Bitcoin mining is incredibly energy intensive—so much so, per headlines, that the computer network for the cryptocurrency uses as much electricity as Denmark.
But to put it in perspective, one needs to compare bitcoin mining to the cost of creating its physical rival—coins.
And what better comparison than with the least-efficient coin, the penny, which costs roughly 1.5 cents each to make.
It’s not an easy task. A call to the U.S. Mint, which may or may not have this data, wasn’t returned. A few other emails around Washington to people who might know didn’t turn up the answer. So here’s a stab, with a margin of error of a whole hell of lot.
The penny is 2.5 grams in weight, 97.5% of it zinc.
A 2011 report from the U.S. Mint shows it bought 11,739.5 metric tons of zinc, or 37% of its total metal purchases. The U.S. Mint’s direct energy consumption that year was 63,823 gigajoules. Using zinc as a proxy for the penny, we’ll say the U.S. Mint consumed 23,614 gigajoules making pennies.
The U.S. Mint produced 2.54 million pennies that year. So each penny required 0.0093 gigajoules of energy from the U.S. Mint, or 2.58 kilowatt-hours.
By one estimate, bitcoin BTCUSD, +8.55% requires 215 kilowatt-hours of energy for each transaction.
But remember, a bitcoin is now worth over $12,000. Or 1.2 million pennies.

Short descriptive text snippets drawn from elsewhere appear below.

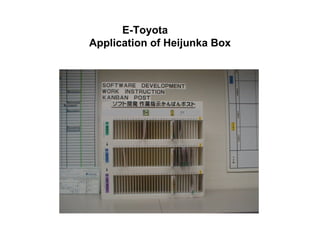 E-Toyota
Application of Heijunka Box
 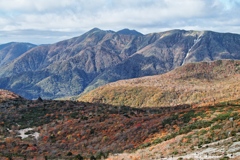 mt.cyausu at 12:49 Oct,20 2024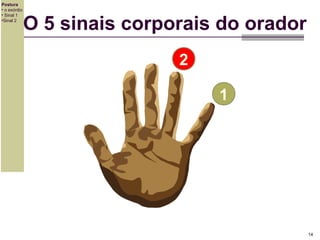 Postura
• o exórdio
• Sinal 1
•Sinal 2

O 5 sinais corporais do orador
2
1

14

 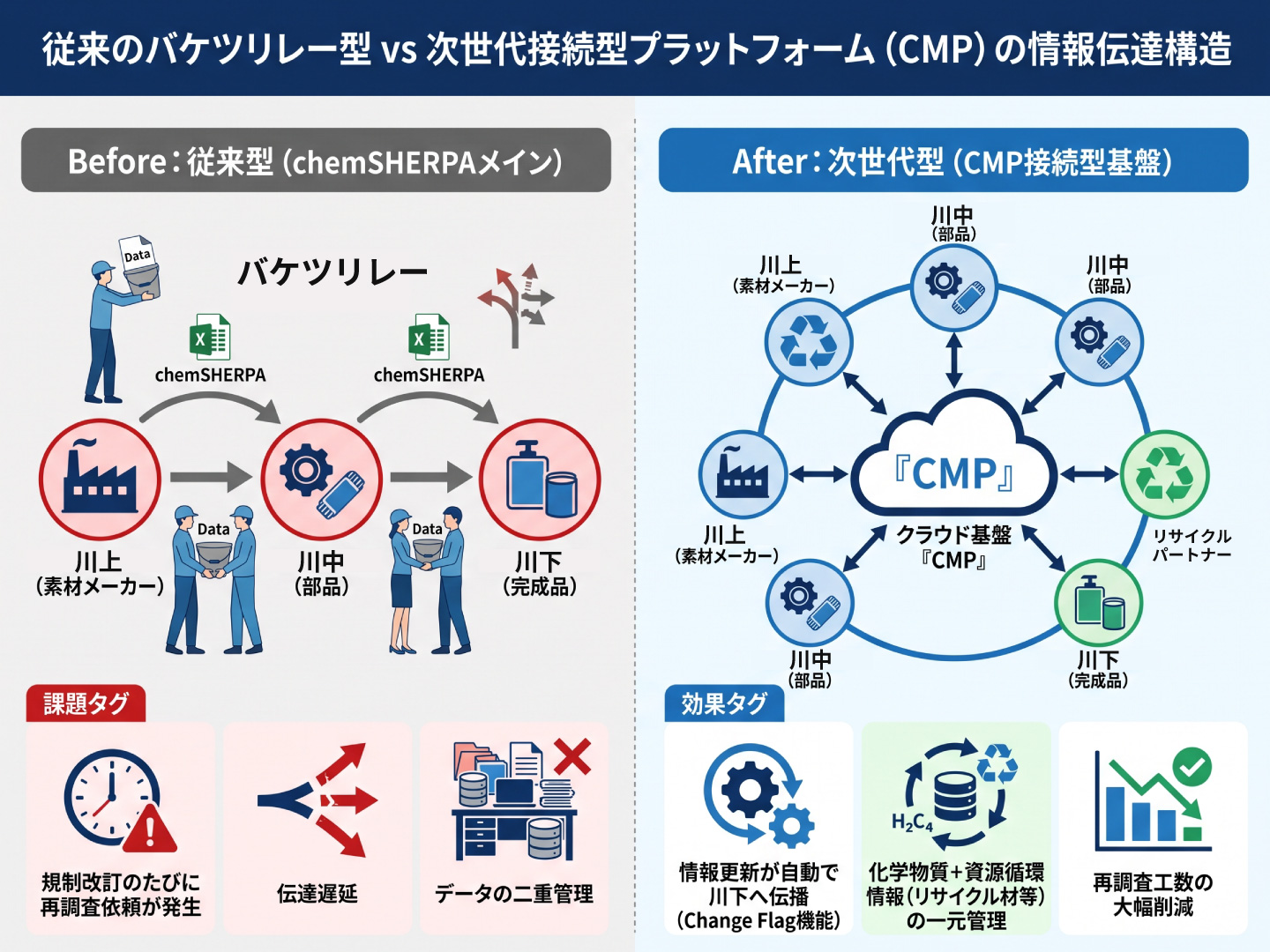 従来のバケツリレー型VS次世代接続型プラットフォーム（CMP）の情報伝達構造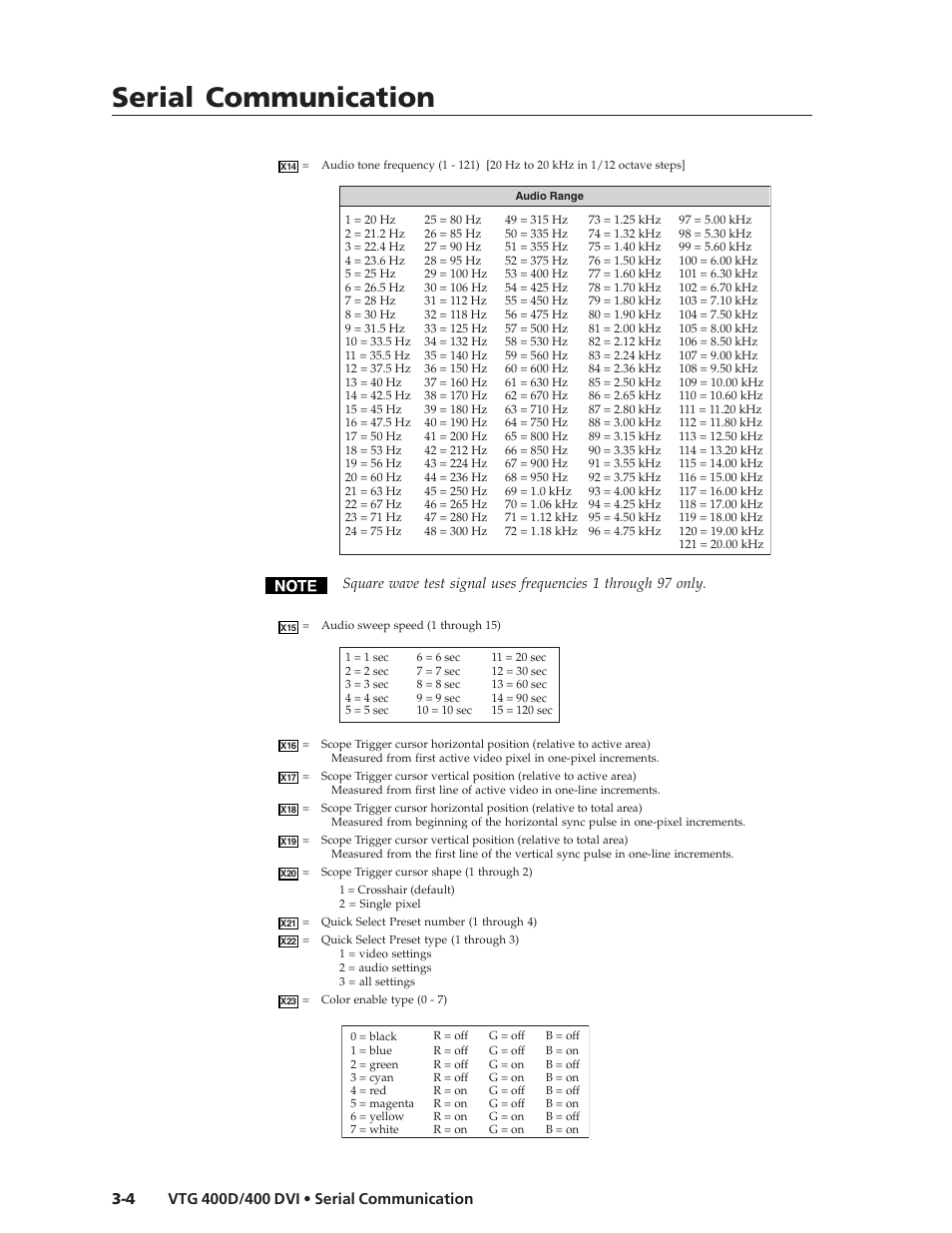 Serial communication | Extron Electronics VTG 400D_400 DVI User Guide User Manual | Page 40 / 88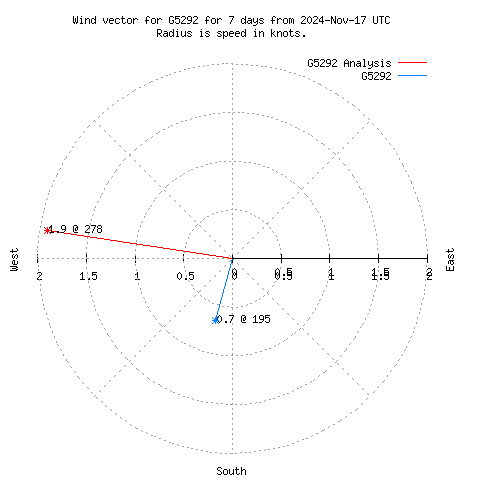 Wind vector chart for last 7 days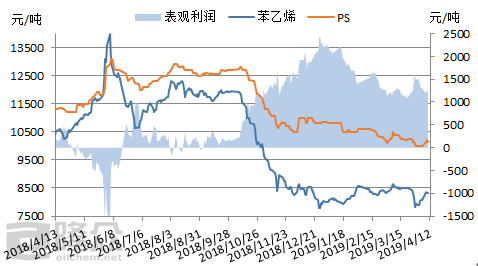 PS：1-2季度PS市场行情梳理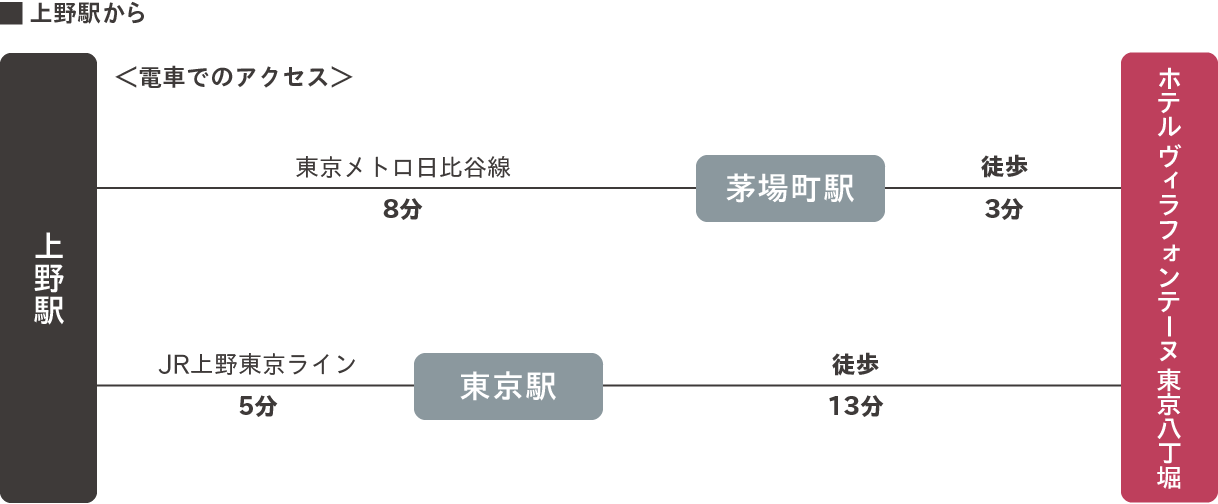 上野駅から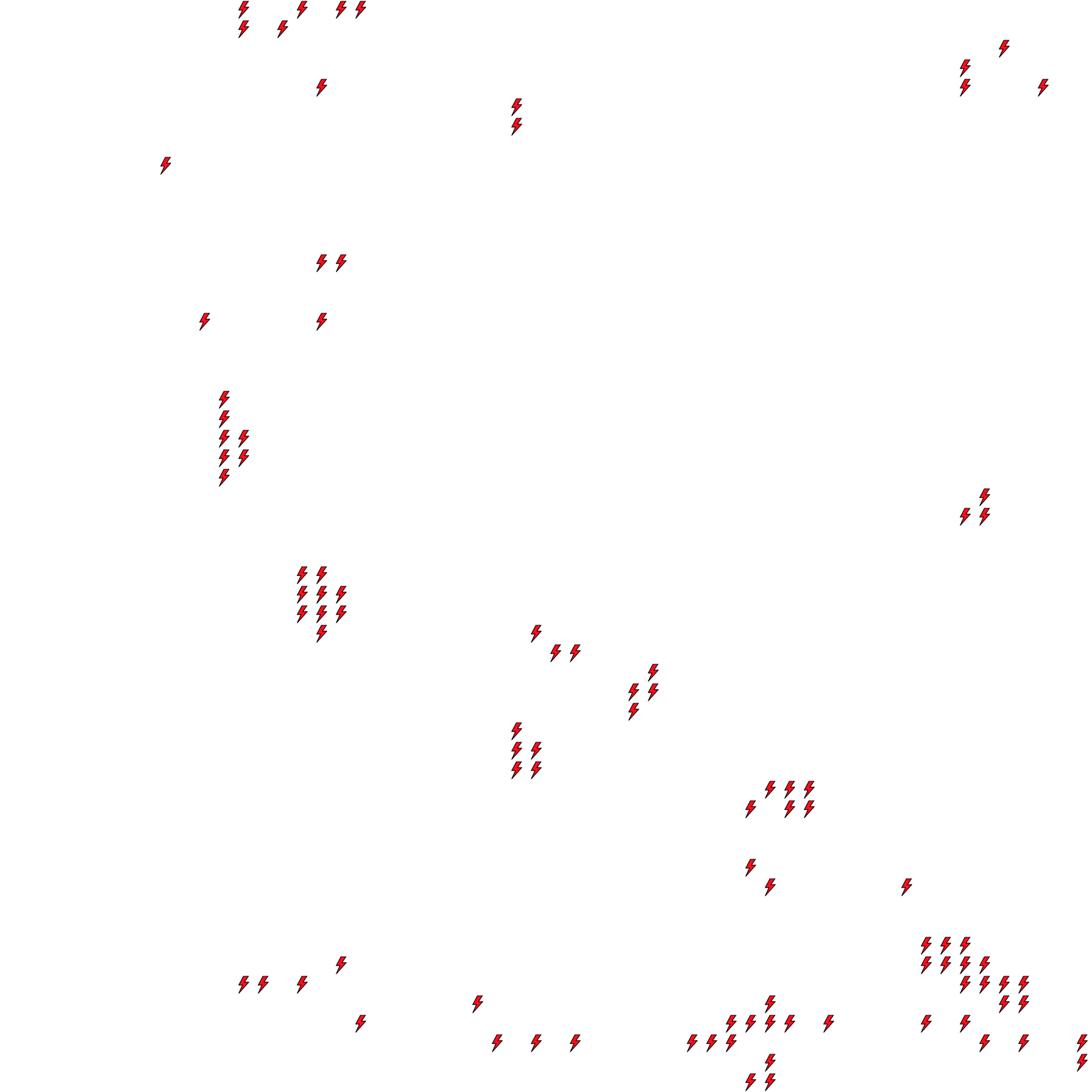 Lighthing Layer
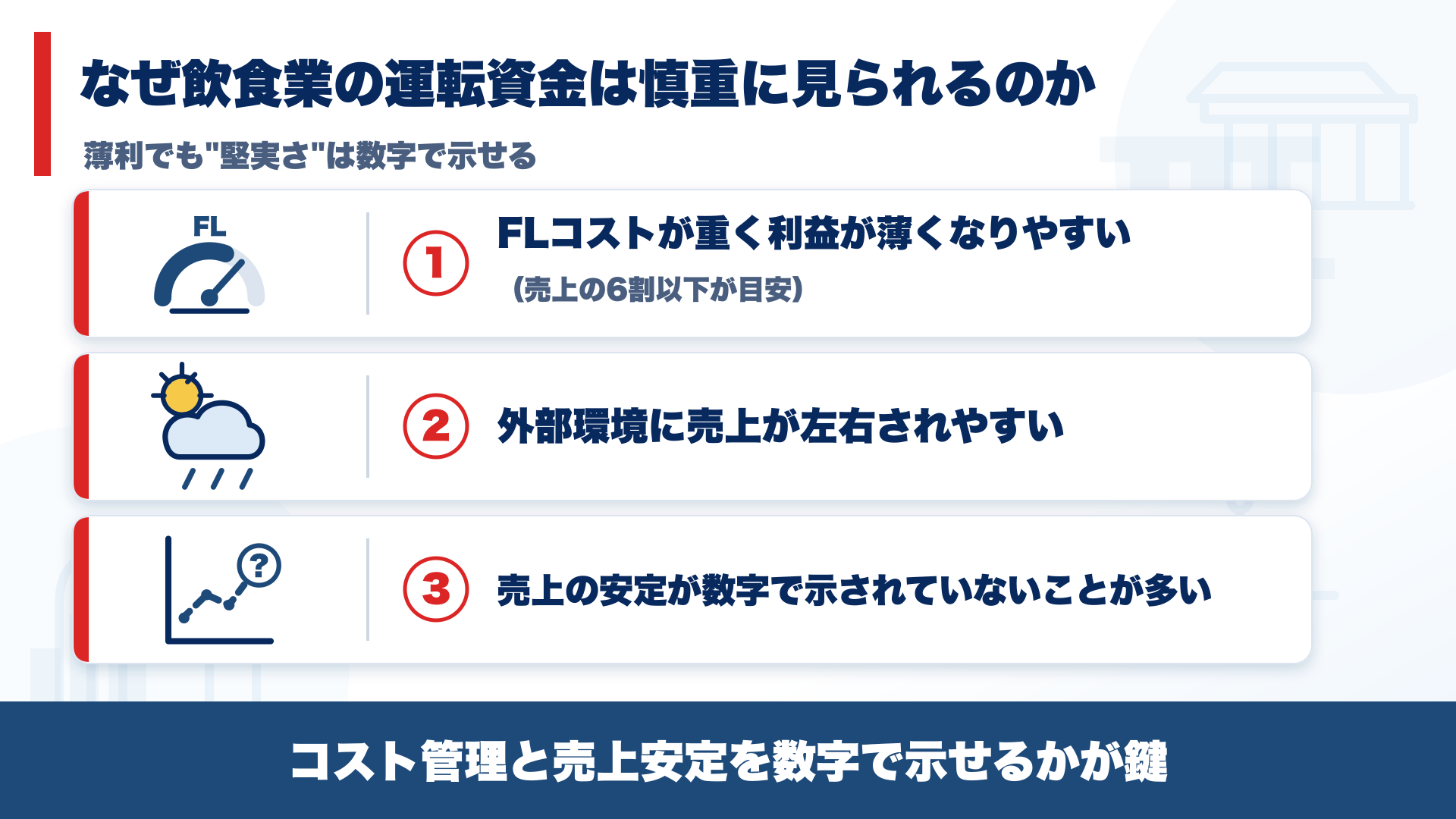飲食業の運転資金が慎重に見られる3つの理由を整理した図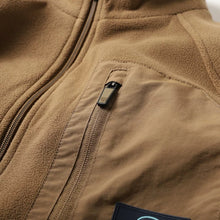 Load image into Gallery viewer, Japanese Reversible Work Jacket Windproof Waterproof Stand Collar Fleece Lined Warm Sherpa Coat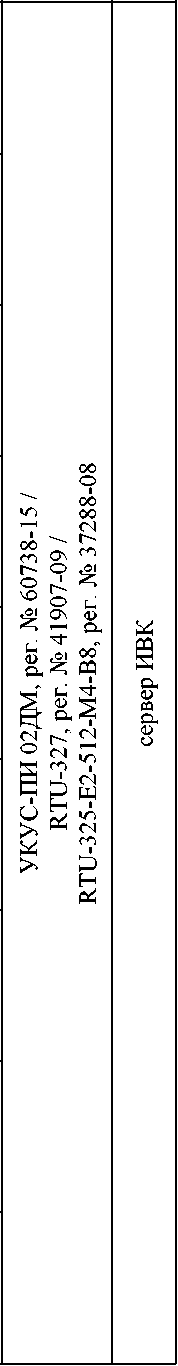 Приказ Росстандарта №2259 от 20.09.2024, https://oei-analitika.ru 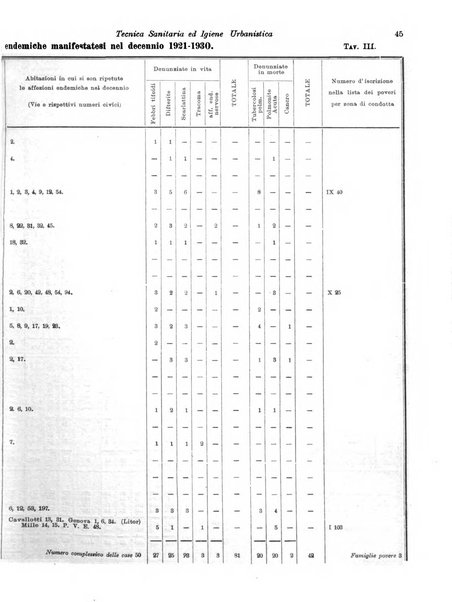 Concessioni e costruzioni rivista legale, amministrativa, tecnica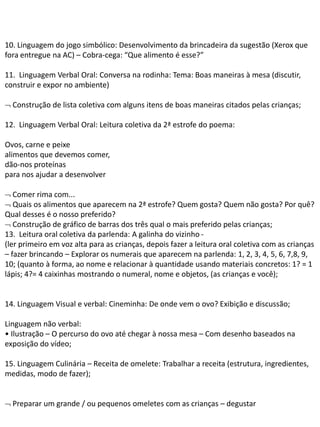 10. Linguagem do jogo simbólico: Desenvolvimento da brincadeira da sugestão (Xerox que
fora entregue na AC) – Cobra-cega: “Que alimento é esse?”
11. Linguagem Verbal Oral: Conversa na rodinha: Tema: Boas maneiras à mesa (discutir,
construir e expor no ambiente)
 Construção de lista coletiva com alguns itens de boas maneiras citados pelas crianças;
12. Linguagem Verbal Oral: Leitura coletiva da 2ª estrofe do poema:
Ovos, carne e peixe
alimentos que devemos comer,
dão-nos proteínas
para nos ajudar a desenvolver
 Comer rima com...
 Quais os alimentos que aparecem na 2ª estrofe? Quem gosta? Quem não gosta? Por quê?
Qual desses é o nosso preferido?
 Construção de gráfico de barras dos três qual o mais preferido pelas crianças;
13. Leitura oral coletiva da parlenda: A galinha do vizinho -
(ler primeiro em voz alta para as crianças, depois fazer a leitura oral coletiva com as crianças
– fazer brincando – Explorar os numerais que aparecem na parlenda: 1, 2, 3, 4, 5, 6, 7,8, 9,
10; (quanto à forma, ao nome e relacionar à quantidade usando materiais concretos: 1? = 1
lápis; 4?= 4 caixinhas mostrando o numeral, nome e objetos, (as crianças e você);
14. Linguagem Visual e verbal: Cineminha: De onde vem o ovo? Exibição e discussão;
Linguagem não verbal:
• Ilustração – O percurso do ovo até chegar à nossa mesa – Com desenho baseados na
exposição do vídeo;
15. Linguagem Culinária – Receita de omelete: Trabalhar a receita (estrutura, ingredientes,
medidas, modo de fazer);
 Preparar um grande / ou pequenos omeletes com as crianças – degustar
 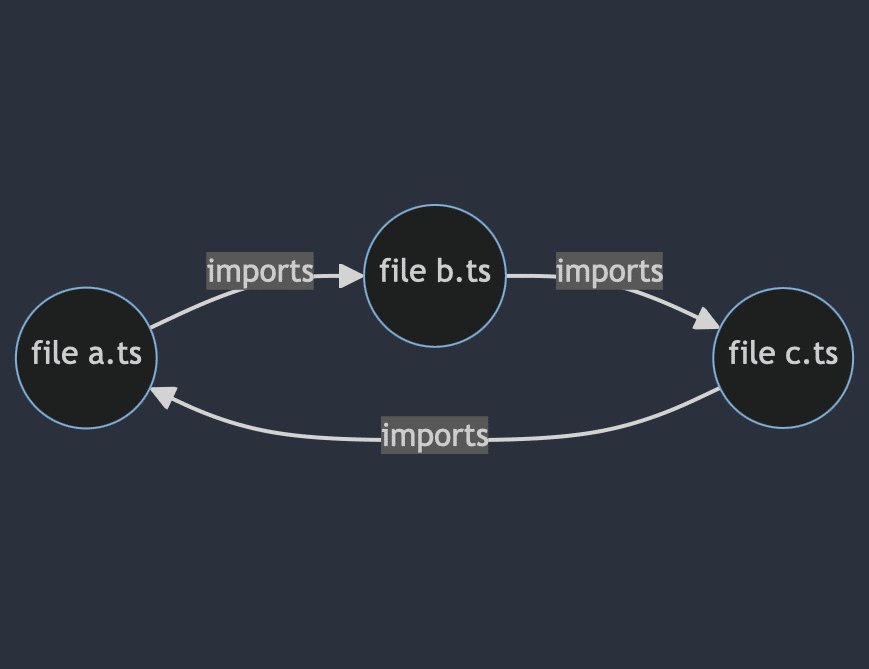 Direct dependency, where A imports from B, which imports from C, which imports from A.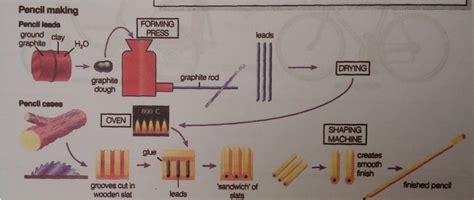 The Following Diagram Shows How Pencils Are Manufactured Write A
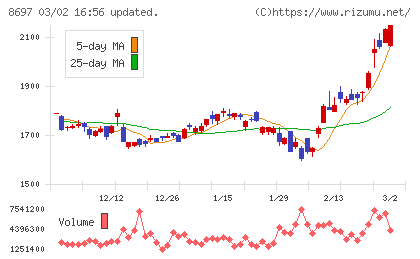 日本取引所グループチャート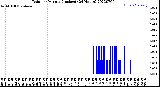 Milwaukee Weather Rain<br>per Minute<br>(Inches)<br>(24 Hours)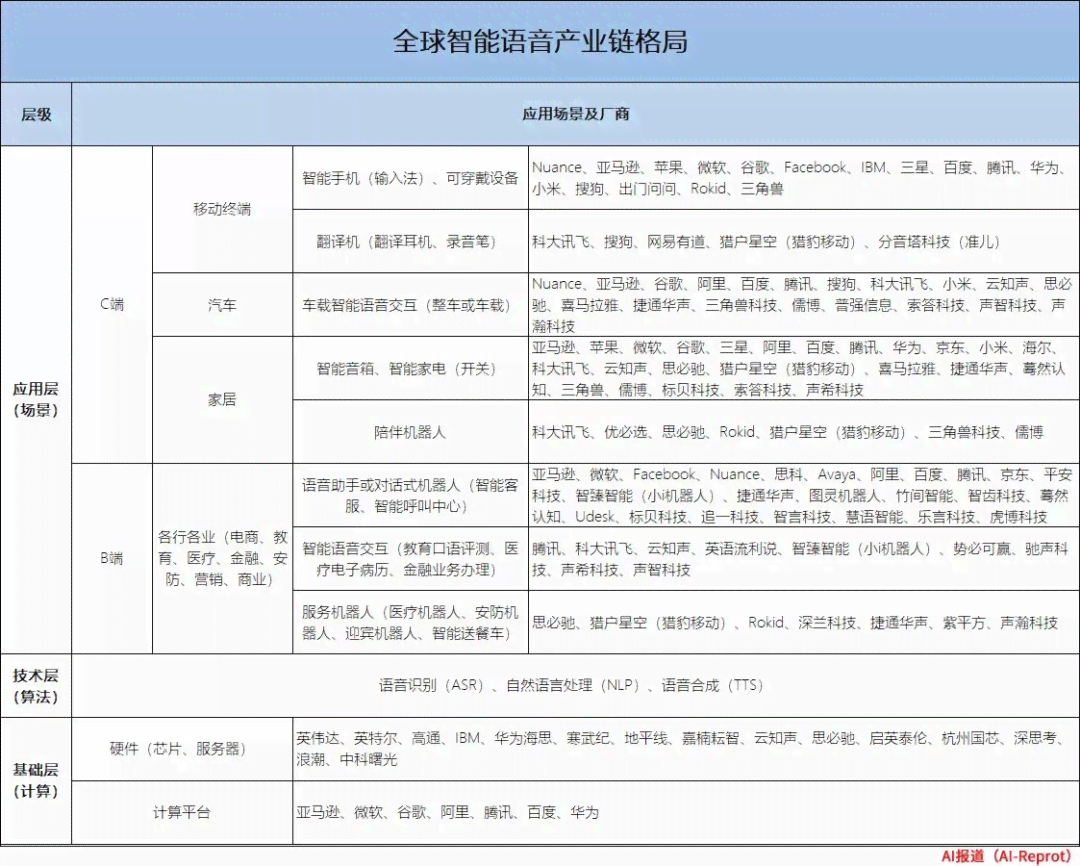 投资AI创作脚本，性价比分析及充值建议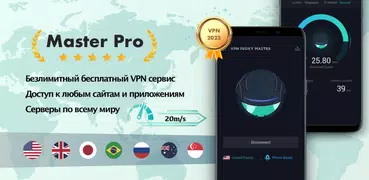 VPN Proxy Master: Super Vpn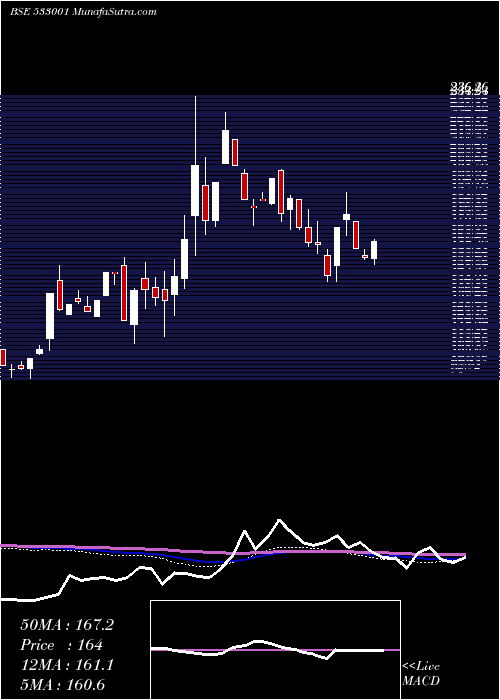  weekly chart SomiConvey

So that’s 3.1 million kilowatt-hours for the penny equivalent of one bitcoin. Plus, there’s the electricity cost in getting the zinc out of the ground in the first place. We’ll spare you the gory details, but based on a paper on the electricity a major zinc mine used, it’s another 243 kilowatt-hours for 1.2 million pennies.
It is fair to point out that, no, pennies aren’t used in the same way of bitcoin. People make headlines when they use pennies to pay for a library fine, yet alone the $12,000 or so that one bitcoin fetches.
Not in any way am I trying to suggest bitcoin isn’t environmentally ravaging, at least at current prices. A price crash from these tulip mania-levels would certainly do a lot to quell the environmental concerns by reversing the incentives to mine.
But at least it’s better than an entirely penny-based economy.